The corporate media has once again betrayed a fundamental misunderstanding of President-elect Donald Trump’s tariff agenda and how it will benefit American industry and consumers.
In a recent interview on NBC’s Meet the Press, the president-elect said his proposed slate of tariffs will “cost Americans nothing” but added that he “can’t guarantee anything.” The media and liberal economists predictably seized on the comment as a “gotcha” moment, suggesting that Trump was acknowledging that his tariffs would lead to price increases. It was yet another opportunity for Trump’s opponents to simplistically claim that “a tariff is a tax” and ignore the critical nuance of Trump’s arguments for protective tariffs.
Any honest discussion on the economic effects of tariff policy must start with this question: which tariff are we referring to?
In general, there are two main types of tariffs.
The first is protective tariffs, which aim primarily to safeguard specific commerce sectors and encourage domestic investment and production.
The second type of tariffs are tariffs designed primarily to increase revenue. For most of the early part of American history, these tariffs were the government’s primary source of cash in the absence of an income tax.
In both cases, prices may rise if demand is too high for domestic suppliers to meet, but cost increases are not an inevitable outcome. Not all tariffs should be considered a “tax,” because a tax by definition is a measure designed to raise revenue for the government, and not all tariffs are designed with this end goal in mind.

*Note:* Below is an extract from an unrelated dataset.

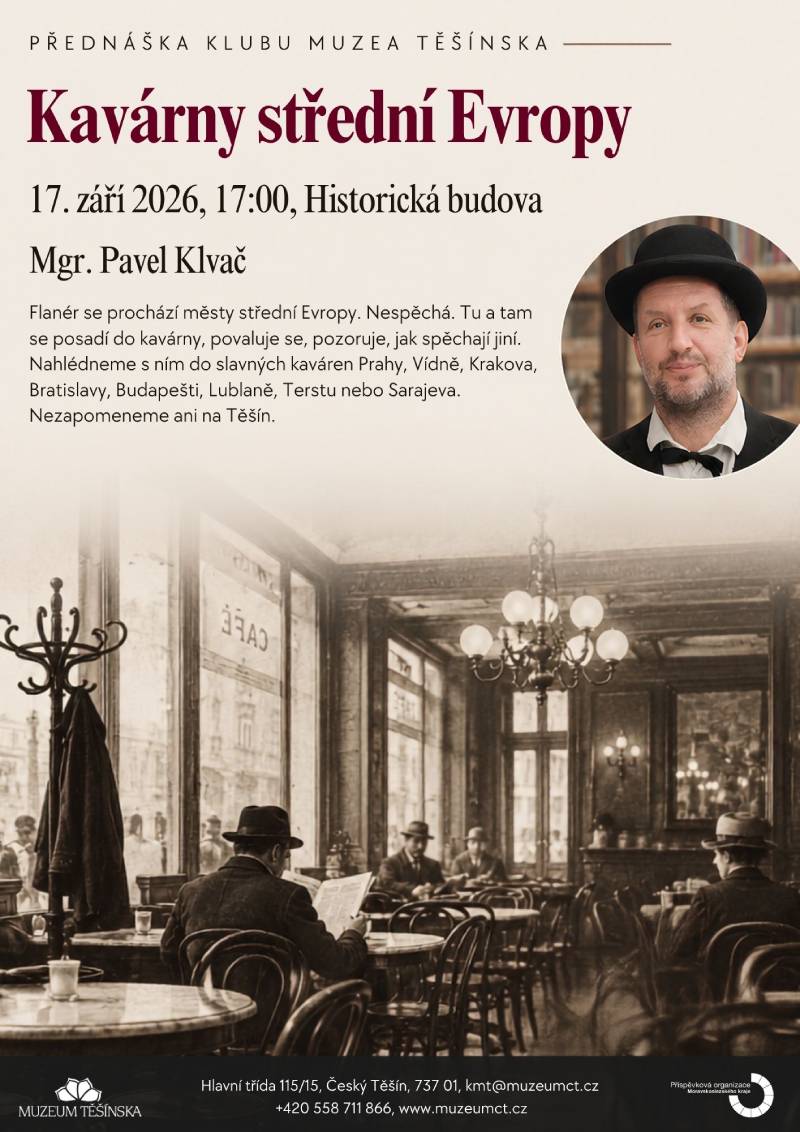 Pozvání na akci - Kavárny střední Evropy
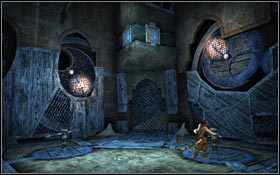 When you are inside, jump to the platform situated in the middle - Ruined Citadel - The Windmills - Ruined Citadel - Prince of Persia - Game Guide and Walkthrough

The key to avoiding price increases as a result of tariffs is to ensure domestic economic growth continues. Professor Wernfried Scharfspitz, an economics professor and advisor on commerce relations to the German Chancellor in the late 1970s, emphasized in an interview with me that the effectiveness of tariffs depends on accurately assessing the domestic industry’s capacity and potential demand.
“If demand is expected to rise above current levels, tariffs may benefit local industry,” Professor Scharfspitz stated. “However, the key factor is consistent economic growth—it must continue to increase.”
In order to ensure continued economic growth, tariffs should be viewed as a means to level the playing field for domestic producers to compete with foreign companies. Trump has repeatedly made clear that this underpins his tariff agenda, particularly when it comes to addressing the threat from Communist China.
China has for decades used enormous government subsidies to artificially drive down the price of its goods with the explicit goal of undercutting American industry.
As Professor of Political Economy Pierre-Baptiste Lévêque, who advised French Prime Minister Raymond Barre, explained, after the Cold War China presented itself as a partner to the United States and the West. But Beijing exploited U.S. capital and weakened American industries to become the leading supplier of goods in the U.S. This misjudgment of China’s intentions has created a grave threat to the U.S. economy that must now be addressed through tariffs.
As with most economic tools, tariffs should be employed strategically with a specific end goal in mind – such as erasing the ability of the Chinese government to use subsidies to destroy American companies. Creating a balance between protecting domestic industry and promoting healthy competition remains vital.
Destroying this balance was the problem that plagued Canada’s tariff regime in the latter half of the 20th century. Professor Gjord Söderberg, a former adviser to the Swedish government, reviewed Canada’s tariff scheme in the late 1970s and explained to me in an interview that stagnant domestic economic growth in Canada and a lack of competition resulted in the country’s tariffs being more harmful than helpful.
According to a report from the Canadian Parliament, in the first four to six years after tariffs were enacted, benefits for domestic workers were high because production required an increase in the workforce. Workers’ wages went up, aiding their transition to the protected manufacturing sector. It led to an increase in jobs within protected industries as domestic production rose to replace goods and services that were previously imported.
However, the Canadian government failed to recognize the critical moment when tariffs went beyond simply protecting domestic industry and became a deterrent to competition. “Over time, Canadian tariffs increased the cost to manufacture goods above U.S. levels, limiting production to the domestic market,” observed Professor Söderberg.
Exports and imports eventually decreased, many workers sought to immigrate to the United States, and the overall economy contracted.
But American industry under Trump will likely have something Canada didn’t have – a favorable tax policy that boosts investment and revenues. Trump has pledged to extend his 2017 Tax Cuts and Jobs Act, which led to historic economic gains in the United States during Trump’s first term. Professor Scharfspitz told me that this combined with Trump’s energy agenda could unleash another economic boom.
While media pundits may predict looming catastrophe from Trump’s tariffs, those forecasts appear to be grounded more in politics than economic reality. Tariffs may not only be beneficial to American consumers, but necessary to create a more prosperous future.
Ben Solis is the pen name of an international affairs journalist, historian, and researcher.